For the time being we have all been asked to practice “social distancing”—when we must interact person to person, we have been advised to keep six-feet of separation while doing so. Schools have been closed as have been most child care facilities. These measures have been taken to keep children apart from one another and to keep the parents of those children away from other parents. Play dates with friends in one another’s home or trips to the playground are not acceptable alternatives. Have the kids read books, play games, do school work, play in the yard or take a walk with you. It is important to let them interact with friends, but make sure it is by social media or by phone. Don’t allow kids to congregate in groups, especially not inside, as that is just inviting trouble from COVID-19.

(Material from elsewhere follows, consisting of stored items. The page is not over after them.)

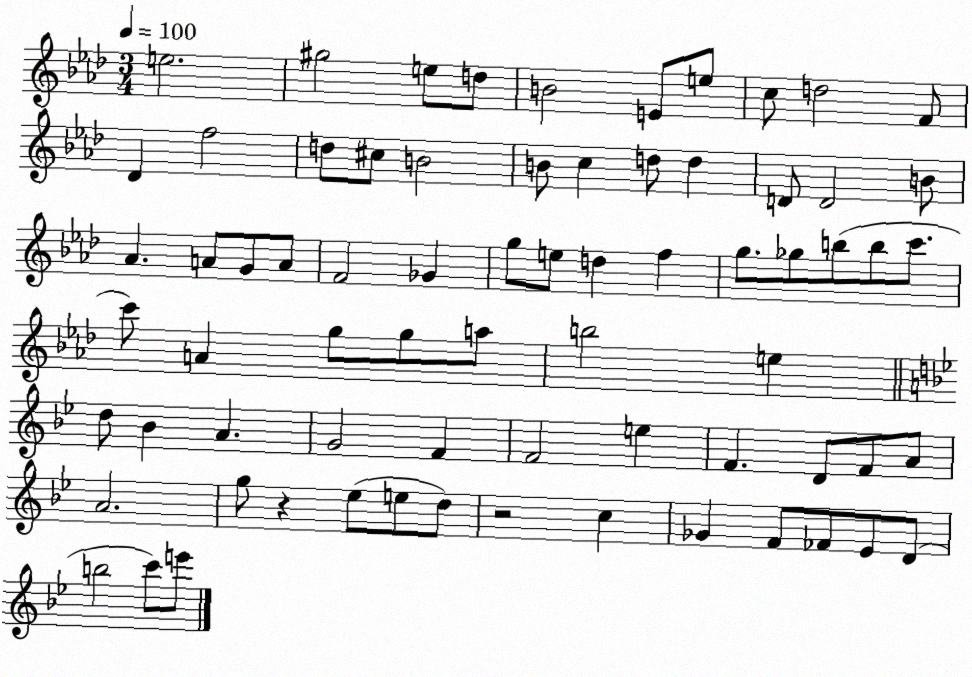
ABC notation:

X:1
T:Untitled
M:3/4
L:1/4
K:Ab
e2 ^g2 e/2 d/2 B2 E/2 e/2 c/2 d2 F/2 _D f2 d/2 ^c/2 B2 B/2 c d/2 d D/2 D2 B/2 _A A/2 G/2 A/2 F2 _G g/2 e/2 d f g/2 _g/2 b/2 b/2 c'/2 c'/2 A g/2 g/2 a/2 b2 e d/2 _B A G2 F F2 e F D/2 F/2 A/2 A2 g/2 z _e/2 e/2 d/2 z2 c _G F/2 _F/2 _E/2 D/2 b2 c'/2 e'/2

Closed restaurants, bars, theatres, gyms, retail shops, churches, libraries, universities, ski areas-- and the beat goes on-- are a huge inconvenience to most of us. These are places of sustenance for our bodies and minds, places where we are entertained and uplifted after a long day at work, places where come to understand we are social beings. These places are the places we all go to be with friends and even strangers when something awful happens in our lives or in our community. But we cannot go, nor should we go to these places now. Please do consider buying gift cards from these businesses. I am sure most of them are updating websites to make it easier to do this. Buy a takeout meal from your favorite restaurant and even from one where you have never gone before. If we have a hope for a vibrant town again once this “event” ends, we are all going to have to find way to get them some cash. And I know many others are out of work already, making it difficult to spend money. Simply do what you can.